The 'We're Midwesterners; we don't do debt' mindset
Conversely, if you live in an area where you'd have to walk the hall of shame if word got out that debt collectors were on your tail, you'd forsake those annual winter cruises for years to pay back what you owe in order to avoid the judgment of your peers.
Eight of the 10 cities with the highest average credit scores are in the Midwest -- and that's no accident, experts say. While the Midwest generally has a higher employment rate and a more stable housing market than much of the rest of the country, "in the Midwest, it's clearly about attitudes," says Alan Schiffres, partner at Novantas, a nonprofit credit counseling service. "You're dealing with more conservative attitudes toward debt."
"If somebody had a foreclosure around here, it would be big news and very shameful," O'Guinn says. "I don't think you'd pick that up in some other communities."
"We think of communities as having certain norms," Griffin of Experian says. He recalls encountering a couple from Kansas who had amassed more than $100,000 in debt. Instead of declaring bankruptcy as many people might have done in that situation, they worked hard and were very frugal and managed to pay it off within five years. "You tend to think that has something to do with the social setting, though I can't say for sure that's the case," Griffin says.
Either way, it's clear that folks in the Midwest on average handle their money more wisely than those in the rest of the country. "It's interesting that the Midwest has consistently done well in this study," Griffin says. "For whatever reason, they pay their bills on time consistently, keep their debts low and live within their means."

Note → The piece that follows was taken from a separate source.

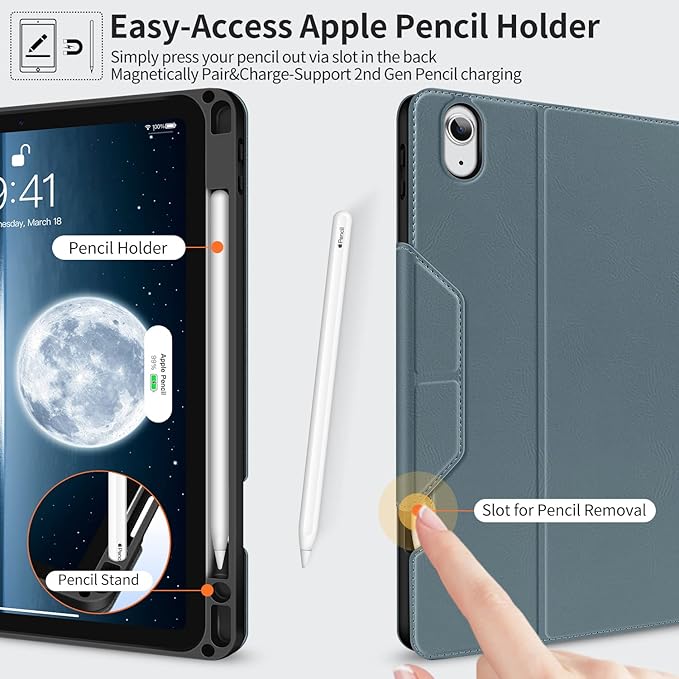 H HOLIMET Case for iPad Air 11 inch M3/M2 (2025/2024)/iPad Air 5th Generation 2022/iPad Air 4th Generation 2020 10.9" with Pencil Holder Soft Back Shockproof Protective Cover Vegan Leather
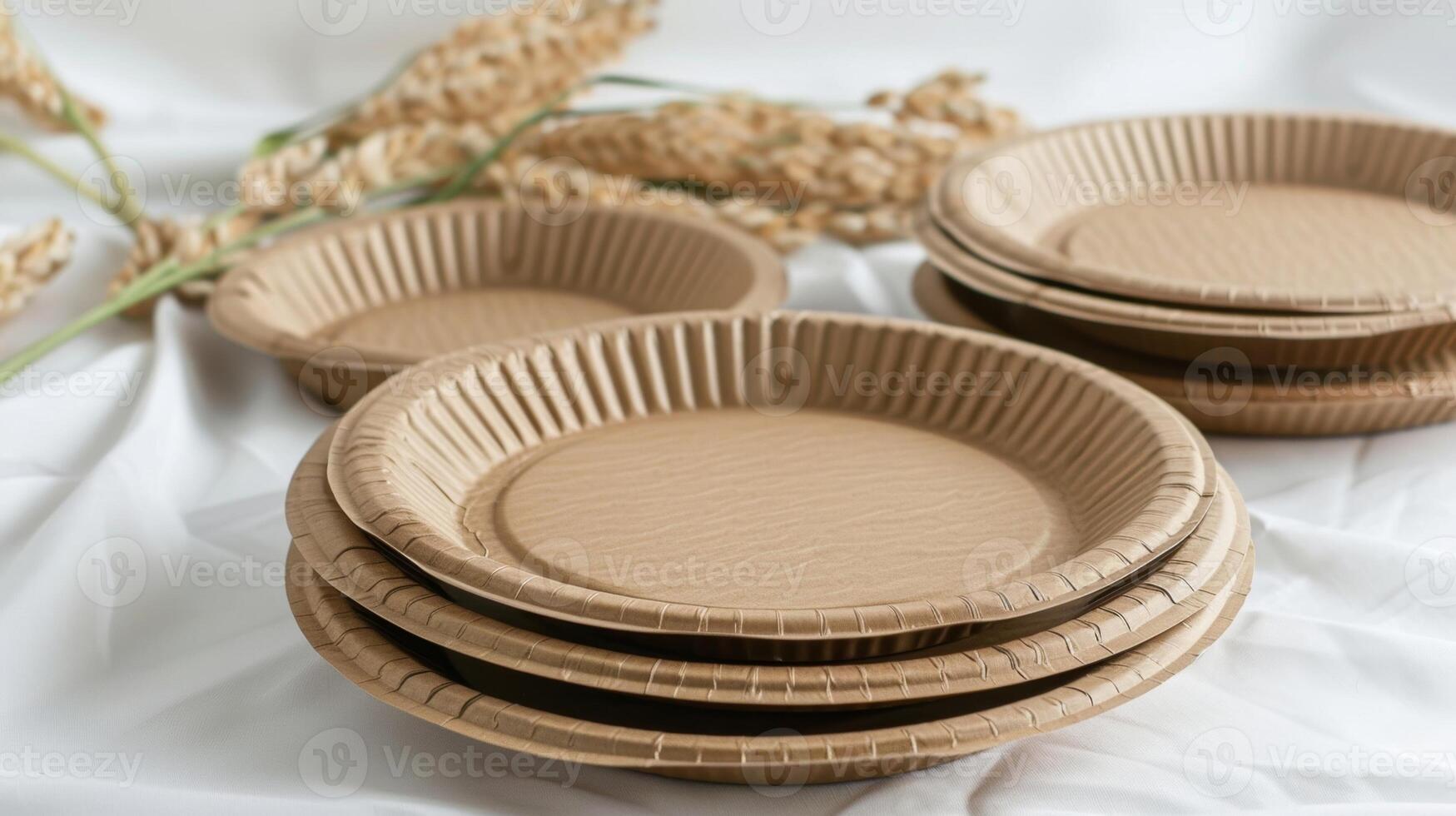 A disposable plate made from sugarcane bagasse with a natural brown color and sy design photo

The 'We're too smart to be in debt' curve
It's a given: The more educated you are about how to best manage credit and debt, the more you're able to avoid common financial missteps.
"In regions where people tend to have lower levels of education and lower incomes, credit scores are lower," says Karen Carlson, director of education and creative programs at InCharge Education Foundation, a credit counseling and education service. "Lower levels of education correlate with higher unemployment, which is one of the main contributors to missed payments and debt accumulation. There is also evidence to show financial literacy correlates with education levels. Those with higher levels of financial knowledge are less likely to engage in high interest debt such as payday loans or subprime mortgages."
And this is why education, especially education about how to manage one's finances and use credit wisely, is the best defense for those in communities where over-borrowing is the norm. "We need to get financial literacy education in the hands and heads of people who could most benefit from it," Carlson says.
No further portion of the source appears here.